Dear United States: How Long Will You Allow Your F-16s to Kill Cambodian Civilians?
[Opinion]
Let me begin by acknowledging that the US has called for restraint and ceasefire. Cambodians appreciate these diplomatic efforts, including past US engagement under President Donald Trump, which showed that Washington can play a constructive role. But appreciation alone does not protect lives when Thailand repeatedly ignores US calls. When warnings are issued without consequence, diplomacy loses its meaning. The United States must do more than speak.
The US presents itself as a defender of human rights, international law and civilian protection. Yet today, many Cambodians are asking a painful question: how long will the US allow its military weapons to be used against innocent civilians in Cambodia?
Thai military aircraft continue to use US-made F-16 fighter jets to strike deep inside Cambodian territory, not at the border. Homes, schools, hospitals, temples, pagodas, bridges, roads and petrol stations have been destroyed. These are not military bases. These are civilian spaces.
Cambodia has no fighter jets and no air force capable of defending its skies. This is not a conflict between equals. When one side controls advanced fighter aircraft and the other has none, the result is not a border conflict. It is civilian suffering.

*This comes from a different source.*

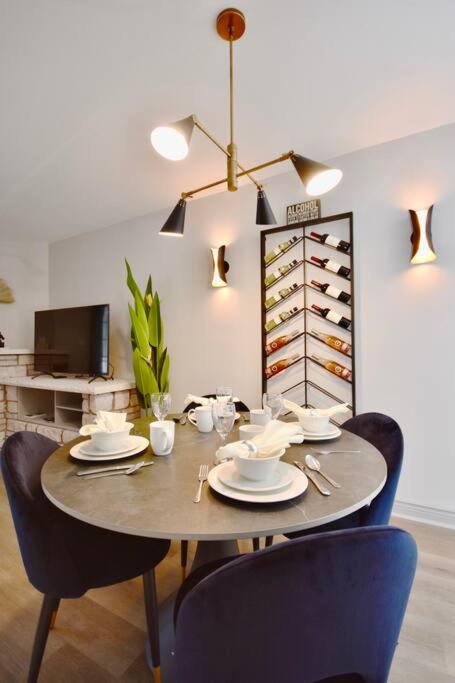 Escape the City in our Ski Townhouse, Sleeps 8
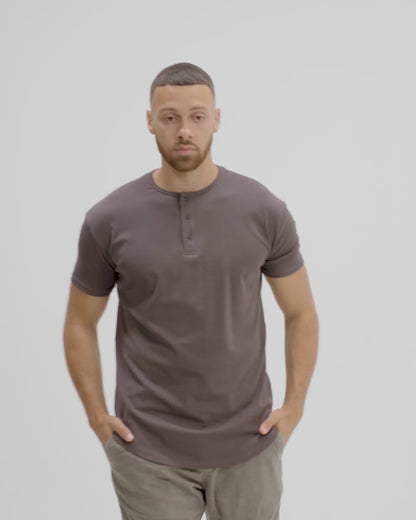 Origin Curved Henley T-Shirt: Mochavino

Thailand is also reported to have used other heavy and destructive weapons, including cluster munitions and weapons producing toxic smoke. These attacks have caused widespread civilian casualties, with people killed and injured and more than half a million forced to flee their homes. Such actions raise serious concerns under international humanitarian law. Indiscriminate attacks on civilian areas are war crimes, regardless of who commits them.
The US has spoken. China has spoken. Malaysia and others have spoken. Ceasefire calls continue to be made. Thailand does not listen, and the bombing continues.
So, as a Cambodian, I ask the United States directly:
If U.S.-supplied F-16 jets are being used to kill civilians, why is there no accountability?
If ceasefire calls are ignored, why are there no consequences?
If the US truly stands for human rights, why has it not publicly condemned these actions or suspended military support pending an independent investigation?
Arms sales are not neutral. Military partnerships carry responsibility. When American-made weapons are allegedly used to destroy civilian lives and infrastructure, silence is not neutrality.
This is not hatred toward America. It is an appeal to America’s own values.
Cambodian civilians deserve the same protection as civilians anywhere in the world. Their lives should not matter less because they are small, poor or geopolitically overlooked.
If US-made F-16s are being used to bomb Cambodian civilians, the US must act now. History will remember not only who dropped the bombs, but who had the power to stop it and chose not to.
Neang Sopheap is a Phnom Penh-based geopolitical analyst. The views and opinions expressed are its own.